Growth (certainly the kind of growth that our economies might have achieved had they been less hampered by austerity) has a carbon footprint and a very significant one at that. Indeed, arguably, the crisis has done more to slow the pace of environmental degradation than any policy innovation designed to achieve such an effect. But that is hardly cause for celebration, nor good reason to wish for permanent recession. The point is that, in time, we may well need to wean ourselves off growth (especially if my hunch about the environmental unsustainability of all growth is true), but that does not mean that all de-growth is good de-growth (one’s enemy’s enemy is not necessarily one’s friend).
So where does this take us? I think the best way to think about this is in terms of the ‘carbon footprint of growth’. If we acknowledge that all growth has a carbon footprint – and that is perhaps as close to a truism as anything in this extended thought experiment – then that suggests three potential types of response. We might seek to offset the carbon footprint (though, of course, that cannot work at a planetary level); we might seek to reduce the carbon footprint (by making our growth less environmentally damaging than it might otherwise be); or we might strive to reduce our dependence on growth and to promote other measures of economic success.
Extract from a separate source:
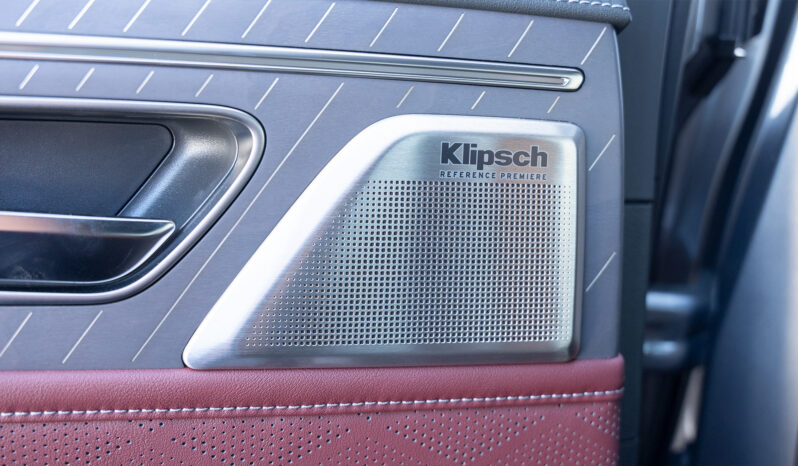 2025 Infiniti QX80 Autograph 3.5-liter V6 Twin-Turbocharged Engine Silver Red SUV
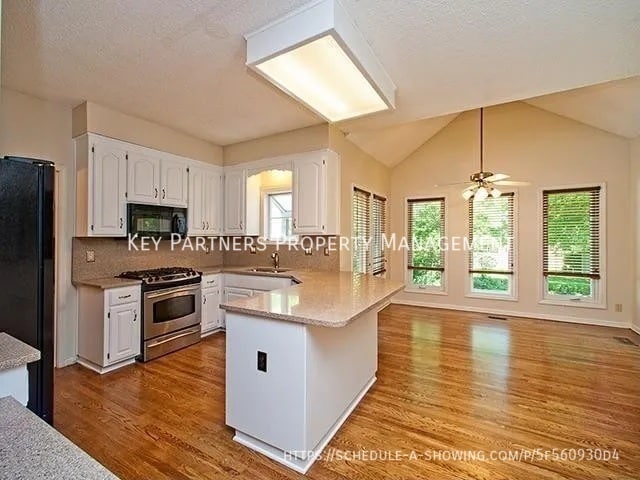 Building Photo - 14281 S Arapaho Dr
Of these, it is the third, which surely holds out the best prospect (though it is the least discussed). Growth, in a way, is a convention for measuring economic success. Indeed, it has become the global currency of economic success. It is not difficult to see why. But, like all conventions, growth need not be the global currency of economic success – and there is a very strong moral and ecological argument for suggesting that it should no longer be tolerated as that. Things could be different; we could target something else. But what we almost certainly cannot do is to replace GDP growth at a stroke with some other measure of economic success. The transition would need to be managed carefully and cumulatively, as well as coordinated globally.
But it is not difficult to imagine what might be entailed here. Alongside GDP data we would need to build a new index of economic success – a compound index, inevitably, which might include things like changes in the Gini coefficient (in the direction of greater societal equality), changes in per capita energy use (rewarding increased energy efficiency and sustainability), changes in per capita carbon emissions (rewarding the greening of residual growth) and perhaps a range of more familiar development indices (changes in literacy rates and so forth).
This alternative social, environmental and developmental index (SED) would be recorded and published alongside GDP, and would thus allow the production of a new hybrid GDP-SED index. Over a globally agreed timescale, the proportion of SED relative to GDP in the hybrid index would rise – from zero (now) to 100 per cent (at some agreed point in the future). And, of course, we would gauge whether our economies were ‘growing’, ‘flat-lining’ or ‘in recession’ according to the new hybrid index as, in effect, we moved from measuring economic performance by relation to GDP to measuring it in terms of SED. The changes to our modes of living, over that period of time, would be immense. But if we are to think beyond growth that, quite simply, is what is entailed. It is a daunting prospect, but such action is long overdue.